Suara deburan ombak dari tebing di bawah seolah menjadi musik pengiring.
Di atas meja tersaji hidangan seafood grill yang aromanya langsung menggugah selera.
"Mas, ini indah sekali," bisik Hayu dengan air matanya yang hampir menetes.
"Sengaja aku minta mereka menyiapkannya di sini," jawab Rizal sambil menarik kursi untuk Hayu.
"Aku ingin setiap momen bersamamu terasa seindah ini, Sayang. Ini adalah awal dari segalanya."
Mereka memulai makan malam dalam keheningan yang nyaman.
Rizal sesekali menyuapi Hayu, memastikan ia makan dengan baik, dan memandanginya dengan tatapan yang memuja.
"Mas, tadi aku melihat boarding pass kita. Ada namaku di sana, 'Mrs.
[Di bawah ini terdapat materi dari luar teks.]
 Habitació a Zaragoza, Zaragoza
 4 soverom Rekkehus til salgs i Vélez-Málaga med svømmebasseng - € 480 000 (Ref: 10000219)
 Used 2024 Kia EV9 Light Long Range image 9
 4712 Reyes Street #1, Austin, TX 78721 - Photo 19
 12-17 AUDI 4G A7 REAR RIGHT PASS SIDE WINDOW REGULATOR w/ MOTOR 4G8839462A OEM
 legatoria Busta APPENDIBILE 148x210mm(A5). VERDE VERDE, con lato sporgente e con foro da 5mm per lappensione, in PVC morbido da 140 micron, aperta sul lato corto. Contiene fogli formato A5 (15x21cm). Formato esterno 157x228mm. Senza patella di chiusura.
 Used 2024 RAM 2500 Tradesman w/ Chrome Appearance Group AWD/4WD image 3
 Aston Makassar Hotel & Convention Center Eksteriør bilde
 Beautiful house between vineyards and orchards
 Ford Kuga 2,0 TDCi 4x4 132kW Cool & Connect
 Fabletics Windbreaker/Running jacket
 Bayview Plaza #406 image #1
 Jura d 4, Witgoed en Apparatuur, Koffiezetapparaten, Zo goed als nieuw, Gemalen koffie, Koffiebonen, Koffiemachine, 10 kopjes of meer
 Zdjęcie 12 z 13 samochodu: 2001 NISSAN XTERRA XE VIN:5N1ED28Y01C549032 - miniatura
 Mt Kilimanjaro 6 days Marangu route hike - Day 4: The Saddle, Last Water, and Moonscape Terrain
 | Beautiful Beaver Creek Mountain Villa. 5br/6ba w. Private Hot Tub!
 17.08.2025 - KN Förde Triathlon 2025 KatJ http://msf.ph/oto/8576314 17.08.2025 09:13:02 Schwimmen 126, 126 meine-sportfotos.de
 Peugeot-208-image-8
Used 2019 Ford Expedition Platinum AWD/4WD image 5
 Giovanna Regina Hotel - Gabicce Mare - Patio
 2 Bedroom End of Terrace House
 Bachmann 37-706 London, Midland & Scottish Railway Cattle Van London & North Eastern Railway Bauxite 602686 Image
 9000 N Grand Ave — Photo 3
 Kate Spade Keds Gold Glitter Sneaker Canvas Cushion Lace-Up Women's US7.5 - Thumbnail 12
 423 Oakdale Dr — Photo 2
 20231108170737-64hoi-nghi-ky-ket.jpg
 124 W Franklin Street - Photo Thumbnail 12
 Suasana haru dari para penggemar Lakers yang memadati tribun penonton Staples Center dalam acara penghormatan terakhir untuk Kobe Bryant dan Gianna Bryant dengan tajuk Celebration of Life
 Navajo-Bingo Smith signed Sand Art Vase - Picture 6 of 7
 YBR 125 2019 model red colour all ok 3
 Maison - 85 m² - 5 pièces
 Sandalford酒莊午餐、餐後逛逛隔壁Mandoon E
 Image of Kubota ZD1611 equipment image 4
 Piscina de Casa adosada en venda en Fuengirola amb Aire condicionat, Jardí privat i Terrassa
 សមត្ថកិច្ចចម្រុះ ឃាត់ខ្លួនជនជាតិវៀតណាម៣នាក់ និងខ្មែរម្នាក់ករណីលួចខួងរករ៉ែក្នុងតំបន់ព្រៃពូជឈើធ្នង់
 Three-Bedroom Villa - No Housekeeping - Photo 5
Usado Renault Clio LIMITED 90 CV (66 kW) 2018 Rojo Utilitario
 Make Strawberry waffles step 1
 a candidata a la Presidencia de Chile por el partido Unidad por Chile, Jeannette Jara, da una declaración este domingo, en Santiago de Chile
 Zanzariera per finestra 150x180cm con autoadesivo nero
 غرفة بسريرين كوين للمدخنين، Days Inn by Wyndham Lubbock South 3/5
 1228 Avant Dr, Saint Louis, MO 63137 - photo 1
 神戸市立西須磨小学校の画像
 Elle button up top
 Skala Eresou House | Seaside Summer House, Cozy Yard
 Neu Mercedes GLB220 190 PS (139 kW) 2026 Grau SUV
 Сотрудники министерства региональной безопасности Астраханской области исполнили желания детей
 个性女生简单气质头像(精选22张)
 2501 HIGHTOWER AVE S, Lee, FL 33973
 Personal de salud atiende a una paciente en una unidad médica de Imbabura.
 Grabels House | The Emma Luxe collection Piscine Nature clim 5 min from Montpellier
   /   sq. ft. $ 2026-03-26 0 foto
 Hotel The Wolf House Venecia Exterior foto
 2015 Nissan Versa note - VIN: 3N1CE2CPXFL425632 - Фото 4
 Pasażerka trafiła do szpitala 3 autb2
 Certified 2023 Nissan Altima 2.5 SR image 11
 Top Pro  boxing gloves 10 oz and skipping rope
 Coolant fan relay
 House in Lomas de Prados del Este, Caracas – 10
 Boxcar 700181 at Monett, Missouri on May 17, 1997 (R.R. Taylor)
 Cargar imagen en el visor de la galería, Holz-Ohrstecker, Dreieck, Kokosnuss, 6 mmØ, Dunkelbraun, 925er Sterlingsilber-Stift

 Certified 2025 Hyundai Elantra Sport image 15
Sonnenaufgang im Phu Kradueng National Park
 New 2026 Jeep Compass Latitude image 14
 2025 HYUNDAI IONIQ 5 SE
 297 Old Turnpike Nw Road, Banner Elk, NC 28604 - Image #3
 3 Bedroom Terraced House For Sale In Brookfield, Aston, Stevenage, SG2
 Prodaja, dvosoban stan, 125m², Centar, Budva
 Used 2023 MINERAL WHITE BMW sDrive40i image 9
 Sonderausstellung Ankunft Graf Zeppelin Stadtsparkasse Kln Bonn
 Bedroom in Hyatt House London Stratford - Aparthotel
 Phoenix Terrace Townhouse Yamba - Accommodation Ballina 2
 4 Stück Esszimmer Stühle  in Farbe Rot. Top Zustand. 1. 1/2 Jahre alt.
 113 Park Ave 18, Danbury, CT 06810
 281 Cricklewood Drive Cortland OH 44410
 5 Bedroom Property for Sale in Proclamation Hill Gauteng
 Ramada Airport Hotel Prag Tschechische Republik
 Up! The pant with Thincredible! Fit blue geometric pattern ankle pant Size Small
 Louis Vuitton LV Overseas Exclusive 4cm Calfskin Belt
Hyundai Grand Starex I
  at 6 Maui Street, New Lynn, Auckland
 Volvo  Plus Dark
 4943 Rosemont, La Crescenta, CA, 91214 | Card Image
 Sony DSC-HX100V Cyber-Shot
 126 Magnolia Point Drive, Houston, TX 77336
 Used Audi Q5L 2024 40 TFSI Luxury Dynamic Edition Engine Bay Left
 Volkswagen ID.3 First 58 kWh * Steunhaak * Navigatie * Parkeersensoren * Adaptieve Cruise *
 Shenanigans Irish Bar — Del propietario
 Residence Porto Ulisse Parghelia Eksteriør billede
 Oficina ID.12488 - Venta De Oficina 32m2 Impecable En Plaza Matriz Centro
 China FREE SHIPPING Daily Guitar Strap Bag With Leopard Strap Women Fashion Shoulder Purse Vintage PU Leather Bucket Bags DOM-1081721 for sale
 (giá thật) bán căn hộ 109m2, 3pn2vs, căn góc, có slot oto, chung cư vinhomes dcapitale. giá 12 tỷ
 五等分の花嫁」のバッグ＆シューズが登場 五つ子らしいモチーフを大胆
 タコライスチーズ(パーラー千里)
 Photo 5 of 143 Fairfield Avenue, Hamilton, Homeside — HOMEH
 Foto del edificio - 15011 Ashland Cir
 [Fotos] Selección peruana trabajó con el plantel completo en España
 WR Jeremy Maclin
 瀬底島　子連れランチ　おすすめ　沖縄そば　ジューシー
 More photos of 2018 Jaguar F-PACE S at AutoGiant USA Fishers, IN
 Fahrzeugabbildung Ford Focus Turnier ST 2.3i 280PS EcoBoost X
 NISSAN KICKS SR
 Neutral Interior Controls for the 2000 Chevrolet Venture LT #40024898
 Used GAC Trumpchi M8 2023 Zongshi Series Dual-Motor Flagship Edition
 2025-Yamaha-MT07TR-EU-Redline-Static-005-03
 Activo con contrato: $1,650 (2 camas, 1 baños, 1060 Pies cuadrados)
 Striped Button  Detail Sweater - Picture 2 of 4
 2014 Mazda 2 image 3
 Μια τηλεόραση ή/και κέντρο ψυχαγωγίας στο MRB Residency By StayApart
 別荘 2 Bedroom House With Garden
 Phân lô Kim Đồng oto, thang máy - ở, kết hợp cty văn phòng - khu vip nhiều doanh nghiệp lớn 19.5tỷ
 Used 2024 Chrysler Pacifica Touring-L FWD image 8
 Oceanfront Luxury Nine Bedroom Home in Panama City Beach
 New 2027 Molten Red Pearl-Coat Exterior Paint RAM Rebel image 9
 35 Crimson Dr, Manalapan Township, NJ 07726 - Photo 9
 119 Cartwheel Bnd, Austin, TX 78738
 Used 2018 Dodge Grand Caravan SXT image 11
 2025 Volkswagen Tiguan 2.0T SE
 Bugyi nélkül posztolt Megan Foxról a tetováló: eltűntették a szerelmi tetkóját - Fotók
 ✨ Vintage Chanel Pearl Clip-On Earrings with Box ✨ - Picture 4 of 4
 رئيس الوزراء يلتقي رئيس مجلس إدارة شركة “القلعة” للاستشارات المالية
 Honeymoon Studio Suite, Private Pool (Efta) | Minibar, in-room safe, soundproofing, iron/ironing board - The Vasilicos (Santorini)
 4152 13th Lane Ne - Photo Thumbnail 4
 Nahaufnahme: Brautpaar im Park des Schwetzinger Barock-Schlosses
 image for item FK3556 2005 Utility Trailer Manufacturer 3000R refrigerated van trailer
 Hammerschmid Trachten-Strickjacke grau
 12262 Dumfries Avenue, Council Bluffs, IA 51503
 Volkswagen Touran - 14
Rizal F'. Itu terasa aneh."
Rizal tersenyum lembut saat mendengar perkataan dari istrinya.
"Aneh yang menyenangkan, kan? Mulai sekarang, nama itu milikmu. Tidak ada lagi Hayu sang pembantu, hanya ada Hayu Deswita, Istri dan Ratu dari Rizal Firdaus."
Ia mengambil gelas wine mereka dan mengangkatnya.
"Mari kita bersulang, Sayang. Untuk rumah tangga baru kita, dan untuk semua cinta yang tulus. Aku berjanji, aku akan membuatmu bahagia."
Hayu membalas cheers itu sambil tersenyum ke arah suaminya
"Aku juga berjanji, Mas. Aku akan menjadi istri yang terbaik untukmu."
Setelah makan malam, mereka duduk di sofa teras, berpelukan di bawah selimut tipis, menatap bintang.
Hayu merasakan kedamaian yang mendalam. Kehangatan tubuh Rizal dan suara ombak menenangkan hatinya sepenuhnya.
"Aku mencintaimu, Sayang," bisik Rizal, mencium puncak kepala Hayu.
"Aku juga mencintaimu, Mas. Sangat mencintaimu," balas Hayu.
Malam itu mereka berdua kembali memejamkan matanya.
Sementara itu di tempat lain dimana Tiyas berada di rumah kontrakannya yang sempit.
Tiyas meringkuk di atas kasur tipis di sebuah rumah kontrakan sempit di pinggiran kota, jauh dari kemewahan dan kenyamanan yang pernah ia miliki.
Kontrakan itu jauh dari kesan layak: lembap, pengap, dan berbau masakan tak sedap dari tetangga.
Tiyas, yang terbiasa dengan sprei linen berkualitas tinggi dan AC 24 jam, kini harus berhadapan dengan nyamuk yang berdengung dan hawa panas yang menyiksa.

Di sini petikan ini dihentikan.